At Wix we have been gradually migrating our growing set of microservices (currently at 2300) from the request-reply pattern to event driven architecture over the last few years. Below there are 5 pitfalls that Wix engineers have encountered during our experimentation with event driven architecture.
These pitfalls have caused us great pain, in terms of production incidents, required re-writes and steep learning curves. For each pitfall I provide battle-tested proven solutions used at Wix today.
1. Write to db and then fire event without atomicity
Consider for example a simple ecom flow (we will use this example throughout this article)
Once the payment processing is done, the product inventory should be updated to reflect that the product is reserved for the customer.
Unfortunately, writing the payment-complete status to the database and then producing a “payment completed” event to Kafka (or some other message broker) is not an atomic operation. There could be situations where only one of the actions actually happens.
For example, cases such as the database being unavailable, or Kafka being unavailable, could lead to data inconsistency between different parts of your distributed system. In the case above Inventory levels may become inconsistent with actual orders.
Atomicity Remedy I — Greyhound resilient producer
There are several ways to mitigate this issue. At Wix we utilize two ways. The first one is our own messaging platform called Greyhound, that allows us to make sure the event is eventually written to Kafka via resilient producer. One downside of this mitigation is that you can end up with out-of-order processing of events downstream.
Atomicity Remedy II — Debezium Kafka source connector
The second way to make sure both DB update action and Kafka produce action happen and that data remains consistent is using the Debezium Kafka connector. Debezium connector allows to automatically capture all the change events (CDC) that happen in the database (For MySQL via binlog) and produce them as Kafka events.
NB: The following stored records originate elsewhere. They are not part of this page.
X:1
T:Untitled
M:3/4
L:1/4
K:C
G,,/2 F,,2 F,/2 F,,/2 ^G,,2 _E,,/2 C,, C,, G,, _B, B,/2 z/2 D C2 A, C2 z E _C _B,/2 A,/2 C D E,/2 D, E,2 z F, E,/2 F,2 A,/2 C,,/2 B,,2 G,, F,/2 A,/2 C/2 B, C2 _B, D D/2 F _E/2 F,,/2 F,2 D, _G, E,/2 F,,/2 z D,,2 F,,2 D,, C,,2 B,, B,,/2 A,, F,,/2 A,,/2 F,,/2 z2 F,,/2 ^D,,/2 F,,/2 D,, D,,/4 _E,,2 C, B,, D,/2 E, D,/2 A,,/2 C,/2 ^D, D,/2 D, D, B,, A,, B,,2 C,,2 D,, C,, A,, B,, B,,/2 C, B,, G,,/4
Kafka Connect together with Debezium DB connectors guarantees that events will eventually be produced to Kafka. In addition there is a guarantee that events order will be kept
Note that Debezium also works with other event streaming platforms such as Apache Pulsar.
2. Using Event sourcing everywhere
Event sourcing is a pattern where instead of updating an entity’s state upon a business operation, the service saves an event to its database. The service reconstructs an entity’s current state by replaying the events.
These events are also published on an event bus such that other services can also create materialized views on other databases that are optimized for queries by replaying the events.
While there are certain advantages to this pattern (a reliable audit log, performing “time travel” — the ability to get the state of your entity at any point in time, and building multiple views over the same data), it is by far more complex than CRUD services that update the state of an entity stored in a database.
Disadvantages of event sourcing include:
- Complexity — In order to make sure read performance is not affected by a growing list of events you need to play, entity state snapshots have to be taken from time to time to reduce the performance penalty.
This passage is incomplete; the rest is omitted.